I believe most labs make their own competent cells, it is simply to expensive not to do so.

The trade off is that home made competent cells which are very cheap are far less efficient then company cells.
(Home made) 10^6 compared to (company) 10^10

For most situations home made cells are good enough, but there are those hard ligations, like ligating very large plasmids, BAC, PAC and very DNA fragment together. The higher efficiency of company cells is need in such a situation.

The reason for this inefficiency is that we don't invest substantial time and effort to improve the generic hand me down protocol that we use. (which might be surpassed by better methods decades ago). And if some brave soul has done the optimisation work, we as a community have been very disorganised and been unable to enshrine said work and transmit it efficiently to each new generation of PhD students.

Companies have capitalised on this malaise and/or disorganisation to basically charge blood for competent cells which differ only by the protocol used in their processing.

-perneseblue-

Getting competent cells from companies prove one thing which is they do provide quality control over their products and thus their transformation efficiency is extremely high. But the down part is it is very very expensive to buy those competent cells.

On the other hand, making own competent cells are pretty tedious. But it is very cheap to make it. Of course, the quality control isnt that good.
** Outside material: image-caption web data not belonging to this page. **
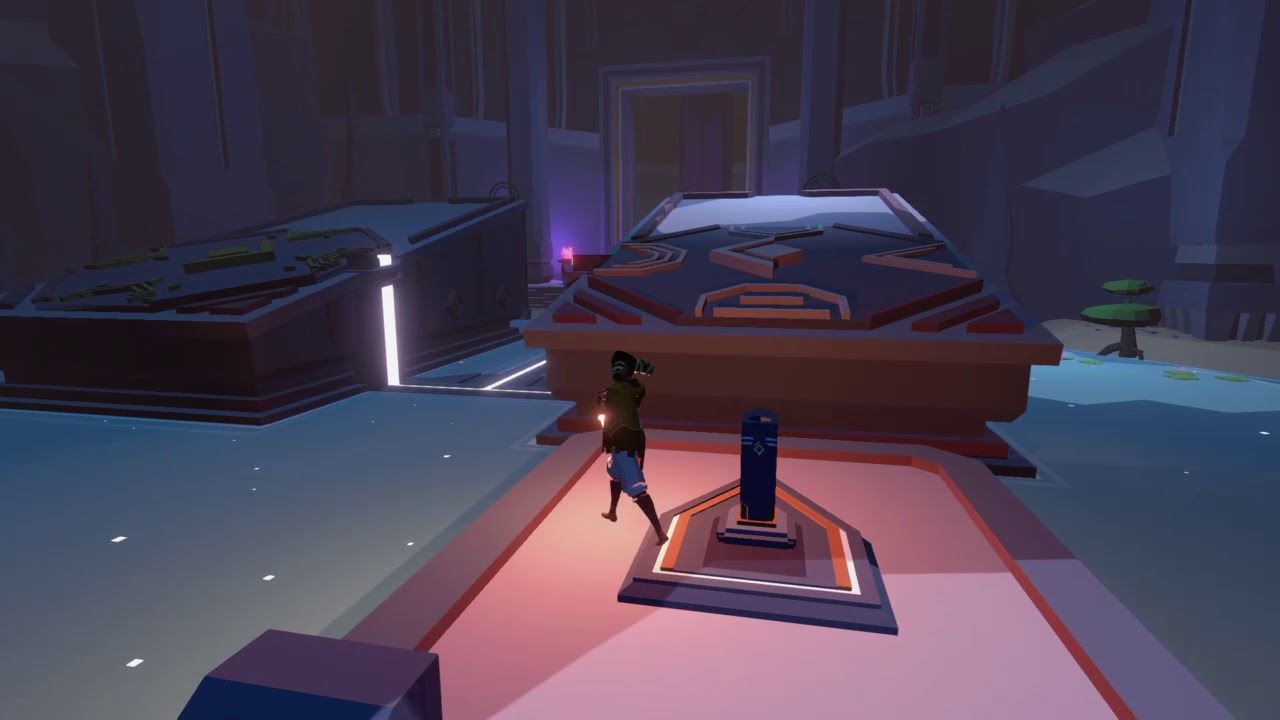 Aer Memories Of Old The Vault The Sun Moon Puzzle I Had To Redo This Bit Youtube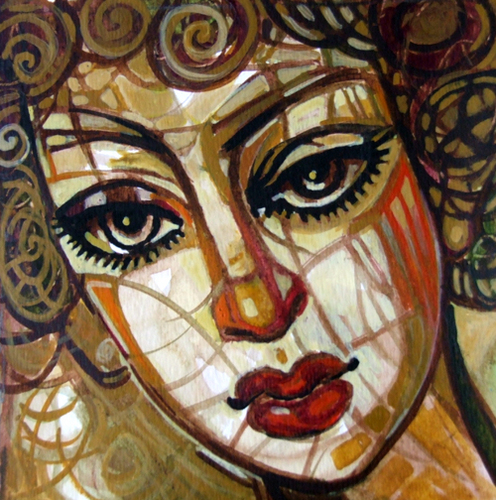 Drawing-Portrait-Fall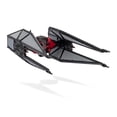 thumbnail image 2 of Tie Whisper de juguete STAR WARS Micro Galaxy Squadron con figuras, 2 of 4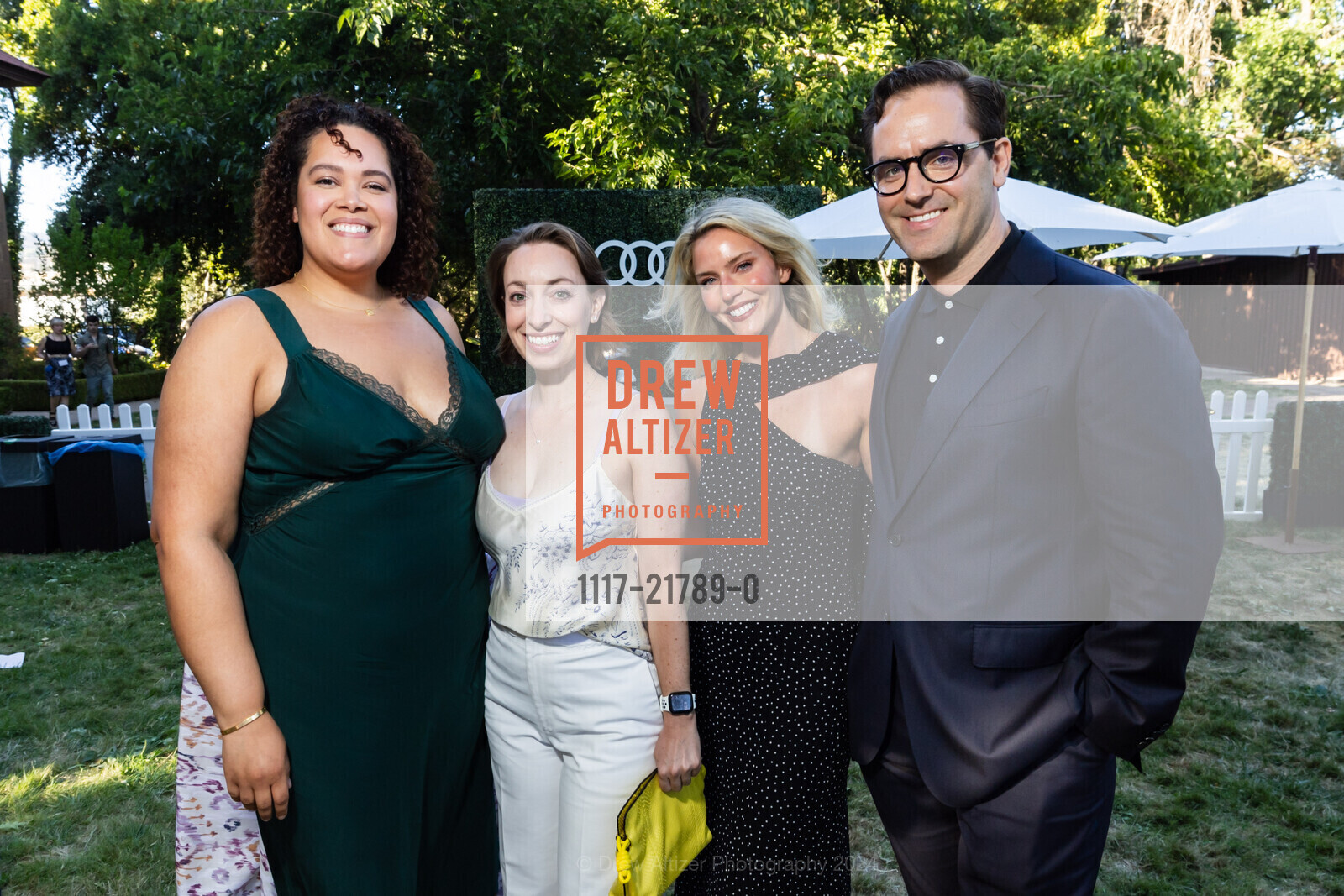 Alexandra Armantrading, Leslie Katter, Katelyn Wilson, Sam Schlosser, Photo #1117-21789-0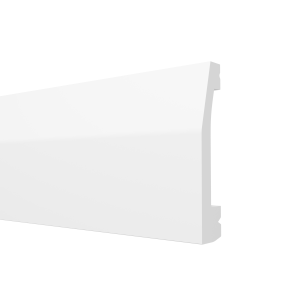 Плинтус Decor Dizayn DD125 15х70х2000 мм (пог. м)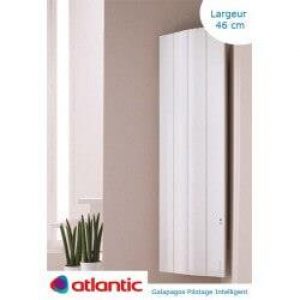 Radiateur Vertical Atlantic GALAPAGOS 1000W Pilotage Intelligent Connecté – 501310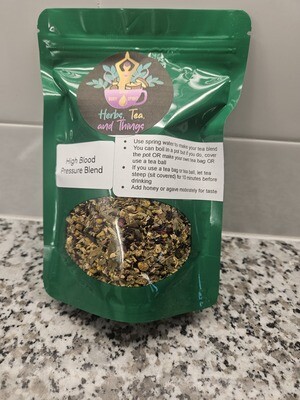 High Blood Pressure (Specialty Blend)--Small Bag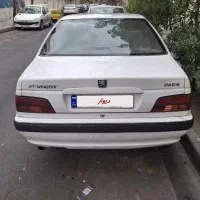 پژو پارس|خودرو سواری و وانت|مشکیندشت, |دیوار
Sometimes I got extremely low transformation efficienty (certain tube). But I guess as long as you are able to transform desired plasmid, I don't see any problem with that. biggrin.gif

-timjim-

QUOTE (Ra_ @ Apr 19 2007, 02:12 AM)
I'm curious as to whether most of you are purchasing or making competent cells, and what the trade-offs are. It's strange because I see a lot of discussion about how to make competent cells in these forums, which makes me think lots of people are making their own, but also see a lot of companies offering a large variety of competent cells, which makes me think there's a lot of demand for purchasing them.

Thoughts?


some say that making competent cells is cheaper than buying; cheap are only the material but not the labour costs, besides you have slaves that work w/o salary; time is money, and buying excellent material is a good investment

-The Bearer-

I have spent the time to optimize competent cell preparation, and to compare the bewildering array of possible techniques. We routinely now make cells as good as commercial chemically competent cells, as measured by standard transformation tests. We make them in high volume, about once every two months. See here:
http://openwetware.org/wiki/TOP10_chemically_competent_cells

-phage434-

I have not invested my time to do it by myself, but I did squeez it to the maximal usage. I took some advice from Bioforum and cut the amount of bacteria used for each tranformation. Instead of 50 ul as recommended, I use only 10 ul. For my purpose, I got more than enough colonies from each transformation, which makes the purcahse less painful. hehe. Poor man's trick.

-genehunter-1-

Thanks for the protocol I will be sure to give it a go. Just curious though - why grow the bacteria on SOB plates first? Are LB plates ok for a substitute or should I stick to SOB?

-rachel_b-

we make our own competent cell, as other said it is tedious. now i have only 4 tube of competent cell, i need to make it soon, i already made the media but when i think to make the cell i really feel tired......

-T. reesei-

It's probably not important to use SOB plates for the seed stocks, but since this is essentially a once in 10 years event, it is hardly much of a burden.